Outrage is growing in Columbia Heights, Minnesota, after ICE agents detained a 5-year-old boy named Liam Ramos and his father, who’s an asylum seeker. Photos from the scene show a masked agent standing next to Liam, who was wearing a backpack and a blue winter hat with bunny ears. He had just returned from preschool. The father and son were then quickly sent to a detention facility in Texas.

On Thursday, Vice President JD Vance went to Minneapolis and defended ICE for targeting the boy’s father and detaining the preschooler.

VICE PRESIDENT JD VANCE: So, the story is that ICE detained a 5-year-old. Well, what are they supposed to do? Are they supposed to let a 5-year-old child freeze to death?

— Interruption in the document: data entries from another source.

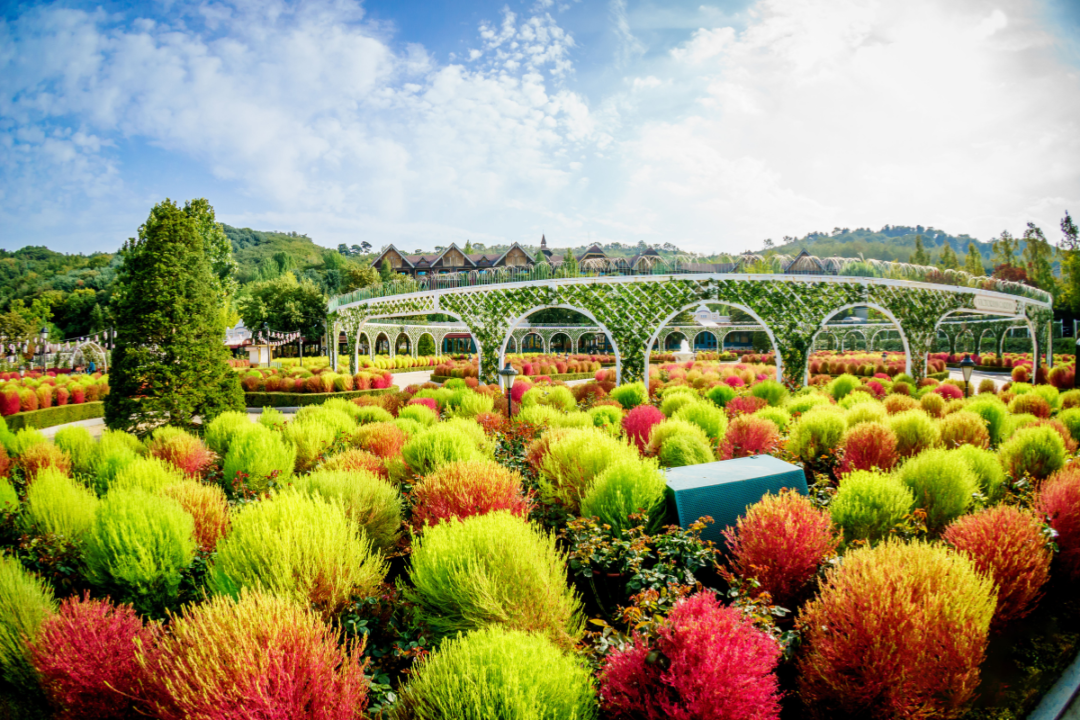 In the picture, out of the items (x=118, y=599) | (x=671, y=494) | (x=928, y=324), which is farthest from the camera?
(x=928, y=324)

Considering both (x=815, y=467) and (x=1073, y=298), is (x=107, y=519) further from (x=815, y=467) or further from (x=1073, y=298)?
(x=1073, y=298)

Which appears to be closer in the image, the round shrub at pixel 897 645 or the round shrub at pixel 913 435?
the round shrub at pixel 897 645

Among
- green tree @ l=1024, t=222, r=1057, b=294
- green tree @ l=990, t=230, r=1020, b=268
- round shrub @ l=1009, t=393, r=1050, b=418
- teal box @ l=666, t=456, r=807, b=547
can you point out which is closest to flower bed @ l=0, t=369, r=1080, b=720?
teal box @ l=666, t=456, r=807, b=547

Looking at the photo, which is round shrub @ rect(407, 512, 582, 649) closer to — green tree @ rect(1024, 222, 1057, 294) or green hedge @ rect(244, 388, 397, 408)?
green hedge @ rect(244, 388, 397, 408)

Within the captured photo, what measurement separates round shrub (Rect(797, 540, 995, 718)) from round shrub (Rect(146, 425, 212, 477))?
6.51 metres

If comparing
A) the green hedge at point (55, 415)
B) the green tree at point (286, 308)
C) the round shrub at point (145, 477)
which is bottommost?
the green hedge at point (55, 415)

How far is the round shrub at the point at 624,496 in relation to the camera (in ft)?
13.9

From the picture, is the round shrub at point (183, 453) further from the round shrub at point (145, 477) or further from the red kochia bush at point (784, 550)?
the red kochia bush at point (784, 550)

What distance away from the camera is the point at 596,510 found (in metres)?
4.34

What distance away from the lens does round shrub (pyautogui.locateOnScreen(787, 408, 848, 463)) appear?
6984 millimetres

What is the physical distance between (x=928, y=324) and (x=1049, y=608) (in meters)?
17.6

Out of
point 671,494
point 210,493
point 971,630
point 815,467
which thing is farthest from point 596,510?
point 815,467

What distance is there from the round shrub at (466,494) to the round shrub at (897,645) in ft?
6.98

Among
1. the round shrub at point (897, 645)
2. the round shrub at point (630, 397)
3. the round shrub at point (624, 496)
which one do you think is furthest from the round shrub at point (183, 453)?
the round shrub at point (630, 397) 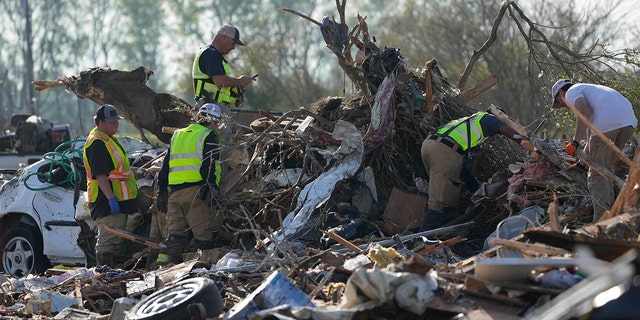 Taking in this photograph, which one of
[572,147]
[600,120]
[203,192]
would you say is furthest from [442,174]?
[203,192]

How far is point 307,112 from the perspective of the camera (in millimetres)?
11688

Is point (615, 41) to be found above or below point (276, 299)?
above

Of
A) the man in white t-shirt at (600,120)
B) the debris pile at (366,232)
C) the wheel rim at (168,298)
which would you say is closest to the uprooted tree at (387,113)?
the debris pile at (366,232)

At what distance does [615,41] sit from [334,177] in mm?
17737

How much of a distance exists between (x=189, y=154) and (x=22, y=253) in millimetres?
2736

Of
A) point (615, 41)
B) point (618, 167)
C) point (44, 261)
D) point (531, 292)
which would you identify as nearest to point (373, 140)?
point (618, 167)

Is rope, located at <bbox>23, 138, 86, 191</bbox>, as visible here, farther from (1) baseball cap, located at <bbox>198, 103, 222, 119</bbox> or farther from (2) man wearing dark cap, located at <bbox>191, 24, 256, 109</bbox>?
(1) baseball cap, located at <bbox>198, 103, 222, 119</bbox>

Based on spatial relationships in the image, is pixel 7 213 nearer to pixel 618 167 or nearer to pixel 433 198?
pixel 433 198

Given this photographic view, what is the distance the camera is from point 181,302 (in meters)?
7.22

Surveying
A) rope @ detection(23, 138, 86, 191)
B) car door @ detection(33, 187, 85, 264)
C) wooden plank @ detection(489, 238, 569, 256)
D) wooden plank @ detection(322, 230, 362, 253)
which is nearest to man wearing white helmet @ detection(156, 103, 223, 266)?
car door @ detection(33, 187, 85, 264)

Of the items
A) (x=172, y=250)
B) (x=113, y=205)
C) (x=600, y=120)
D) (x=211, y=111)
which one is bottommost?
(x=172, y=250)

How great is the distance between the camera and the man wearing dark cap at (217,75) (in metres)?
12.0

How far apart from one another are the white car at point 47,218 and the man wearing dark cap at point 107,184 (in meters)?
0.54

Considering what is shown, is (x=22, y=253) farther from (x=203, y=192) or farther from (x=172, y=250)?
(x=203, y=192) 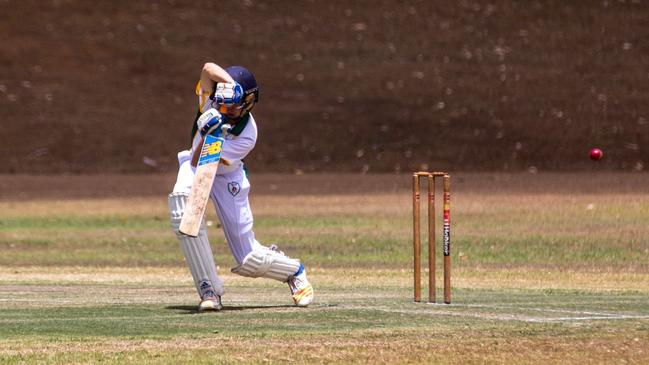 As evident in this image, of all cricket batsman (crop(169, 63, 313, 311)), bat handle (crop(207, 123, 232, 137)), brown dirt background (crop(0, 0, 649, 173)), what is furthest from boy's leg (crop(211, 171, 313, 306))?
brown dirt background (crop(0, 0, 649, 173))

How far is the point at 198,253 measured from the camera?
1323cm

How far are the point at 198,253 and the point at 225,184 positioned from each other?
1.91 feet

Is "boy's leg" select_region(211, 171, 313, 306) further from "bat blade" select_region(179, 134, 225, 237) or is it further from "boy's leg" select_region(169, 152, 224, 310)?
"bat blade" select_region(179, 134, 225, 237)

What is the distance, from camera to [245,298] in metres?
15.4

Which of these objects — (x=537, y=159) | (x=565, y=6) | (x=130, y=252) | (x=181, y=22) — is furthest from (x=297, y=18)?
(x=130, y=252)

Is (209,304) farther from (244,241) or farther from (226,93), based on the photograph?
(226,93)

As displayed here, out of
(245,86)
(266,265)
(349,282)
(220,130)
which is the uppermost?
(245,86)

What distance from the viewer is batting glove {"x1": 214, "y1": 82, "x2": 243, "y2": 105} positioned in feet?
42.8

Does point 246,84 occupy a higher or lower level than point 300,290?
higher

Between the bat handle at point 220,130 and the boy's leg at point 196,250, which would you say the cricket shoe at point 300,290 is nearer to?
the boy's leg at point 196,250

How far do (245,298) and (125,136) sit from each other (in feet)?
96.2

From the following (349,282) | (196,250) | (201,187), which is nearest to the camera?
(201,187)

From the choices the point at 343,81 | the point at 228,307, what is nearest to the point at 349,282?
the point at 228,307

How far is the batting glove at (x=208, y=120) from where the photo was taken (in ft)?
42.5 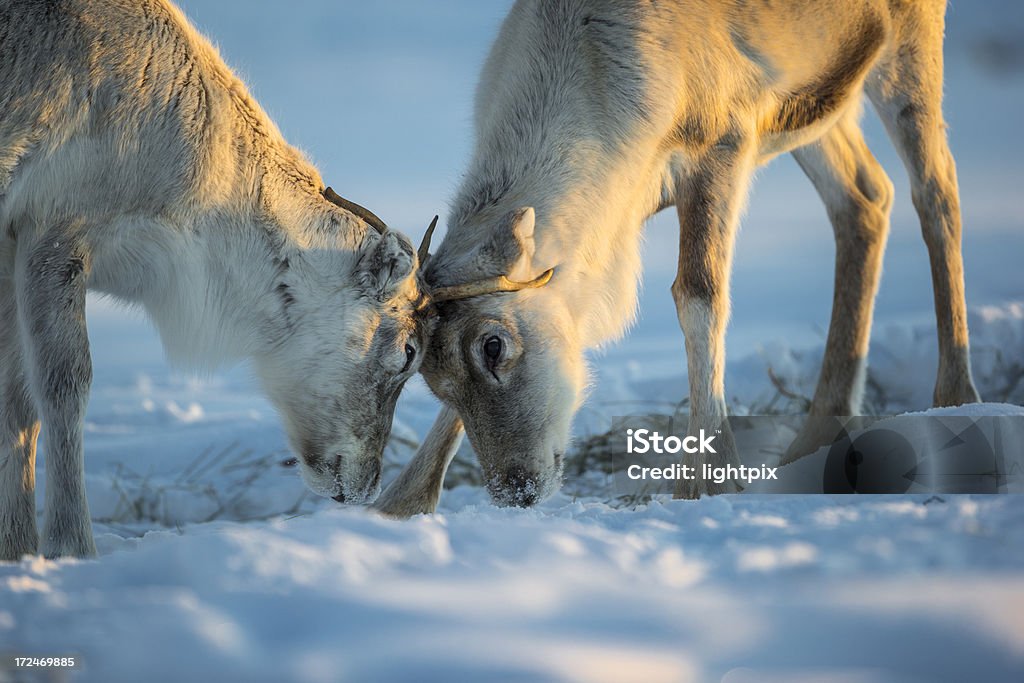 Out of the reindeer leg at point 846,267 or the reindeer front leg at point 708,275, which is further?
the reindeer leg at point 846,267

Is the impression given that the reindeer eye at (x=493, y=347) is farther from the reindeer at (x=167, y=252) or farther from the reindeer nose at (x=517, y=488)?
the reindeer nose at (x=517, y=488)

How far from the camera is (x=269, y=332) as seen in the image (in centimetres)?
423

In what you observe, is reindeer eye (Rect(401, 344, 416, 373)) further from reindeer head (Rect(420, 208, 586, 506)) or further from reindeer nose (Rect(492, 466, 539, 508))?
reindeer nose (Rect(492, 466, 539, 508))

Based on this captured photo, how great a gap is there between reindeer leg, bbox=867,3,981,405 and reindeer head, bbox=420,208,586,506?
8.80ft

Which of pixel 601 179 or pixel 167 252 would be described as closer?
pixel 167 252

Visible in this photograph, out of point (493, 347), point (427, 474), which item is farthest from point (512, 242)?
point (427, 474)

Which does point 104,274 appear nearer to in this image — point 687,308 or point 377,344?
point 377,344

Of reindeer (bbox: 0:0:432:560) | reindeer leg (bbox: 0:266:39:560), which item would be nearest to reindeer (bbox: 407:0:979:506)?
reindeer (bbox: 0:0:432:560)

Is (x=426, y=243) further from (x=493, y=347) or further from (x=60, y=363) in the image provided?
(x=60, y=363)

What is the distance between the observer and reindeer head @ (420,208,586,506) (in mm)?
4422

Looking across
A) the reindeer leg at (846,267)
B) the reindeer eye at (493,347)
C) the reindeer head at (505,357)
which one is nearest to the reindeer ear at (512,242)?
the reindeer head at (505,357)

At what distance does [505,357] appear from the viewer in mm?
4441

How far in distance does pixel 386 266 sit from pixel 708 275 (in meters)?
1.70

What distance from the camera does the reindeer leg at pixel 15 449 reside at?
411 cm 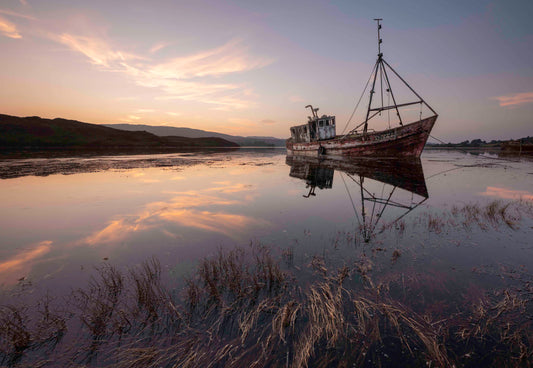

AMY GOODMAN: Local officials in Columbia Heights condemned the detention of 5-year-old Liam. Rachel James serves on Columbia Heights City Council. She described efforts by neighbors to protect the boy.

RACHEL JAMES: I heard one neighbor say, “I live in this house. I’m part of this family. I can take him. Let him come to me.” I heard another neighbor on the other side say, “I have the forms. His mom signed the forms. Let me have him. I know him. I know him. … I kept saying, ‘Stop. Wait. He can go with us. He can go with the teachers.’” And then they took him over to the car, and he was just standing there. And then they quickly put him in the back seat and drove away.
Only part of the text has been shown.